Physiotherapy is an important part of the multidisciplinary approach to managing happy puppet syndrome.
The goals of physiotherapy are to improve movement, balance, and coordination, prevent joint contractures and deformities, and enhance overall physical function.
The physiotherapy treatment typically includes:
- Assessment: The physiotherapist will perform a comprehensive assessment of the individual’s physical abilities. It will include range of motion, strength, balance, and gait analysis.
- Treatment plan: Based on the assessment results, the physiotherapist will develop an individualized treatment plan that addresses the specific needs of the individual.

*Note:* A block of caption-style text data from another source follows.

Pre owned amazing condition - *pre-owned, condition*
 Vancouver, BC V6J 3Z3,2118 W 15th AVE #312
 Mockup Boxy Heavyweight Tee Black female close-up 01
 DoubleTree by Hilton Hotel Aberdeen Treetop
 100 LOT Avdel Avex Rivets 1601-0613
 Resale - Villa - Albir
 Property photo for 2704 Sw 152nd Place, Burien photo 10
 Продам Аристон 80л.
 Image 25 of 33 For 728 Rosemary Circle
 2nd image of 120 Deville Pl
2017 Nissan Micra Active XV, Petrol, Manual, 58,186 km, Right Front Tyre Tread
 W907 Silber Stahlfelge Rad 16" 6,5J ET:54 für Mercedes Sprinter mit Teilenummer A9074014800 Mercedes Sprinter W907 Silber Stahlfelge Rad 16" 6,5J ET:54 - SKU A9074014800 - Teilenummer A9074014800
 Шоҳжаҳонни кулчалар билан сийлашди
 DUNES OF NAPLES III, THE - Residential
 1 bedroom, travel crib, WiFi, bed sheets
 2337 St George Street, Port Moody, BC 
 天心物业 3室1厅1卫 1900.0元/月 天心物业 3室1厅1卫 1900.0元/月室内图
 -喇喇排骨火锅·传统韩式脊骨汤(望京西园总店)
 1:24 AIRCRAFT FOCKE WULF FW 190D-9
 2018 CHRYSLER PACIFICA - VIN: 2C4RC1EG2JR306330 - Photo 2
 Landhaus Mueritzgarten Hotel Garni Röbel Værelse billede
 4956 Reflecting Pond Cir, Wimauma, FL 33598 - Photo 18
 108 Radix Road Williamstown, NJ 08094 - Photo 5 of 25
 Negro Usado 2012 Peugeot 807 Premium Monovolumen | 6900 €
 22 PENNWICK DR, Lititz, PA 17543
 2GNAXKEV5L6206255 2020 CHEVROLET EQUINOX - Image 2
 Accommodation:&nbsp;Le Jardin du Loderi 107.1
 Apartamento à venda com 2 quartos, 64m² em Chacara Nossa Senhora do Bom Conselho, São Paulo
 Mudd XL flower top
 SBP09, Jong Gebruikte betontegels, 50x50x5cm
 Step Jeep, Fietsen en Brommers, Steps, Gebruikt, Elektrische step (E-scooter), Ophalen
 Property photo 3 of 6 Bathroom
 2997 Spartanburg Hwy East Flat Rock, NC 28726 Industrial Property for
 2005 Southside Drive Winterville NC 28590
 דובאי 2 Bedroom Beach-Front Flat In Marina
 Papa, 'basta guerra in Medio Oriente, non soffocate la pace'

- Exercises: The physiotherapist will prescribe exercises to improve muscle strength, flexibility, and balance. Exercises may include stretching, strengthening, and balance training exercises.
- Assistive devices: The physiotherapist may recommend the use of assistive devices such as walkers, orthotics, or braces to help improve mobility and prevent falls.
- Hydrotherapy: Water-based exercises can be particularly beneficial for individuals with happy puppet syndrome. The buoyancy of the water can reduce the risk of injury while allowing for a full range of motion.
- Functional training: The physiotherapist will work with the individual to improve their ability to perform daily activities, such as sitting, standing, and walking.
- Education: The physiotherapist will educate the individual and their caregivers on safe movement techniques, fall prevention, and the importance of ongoing exercise and physical activity.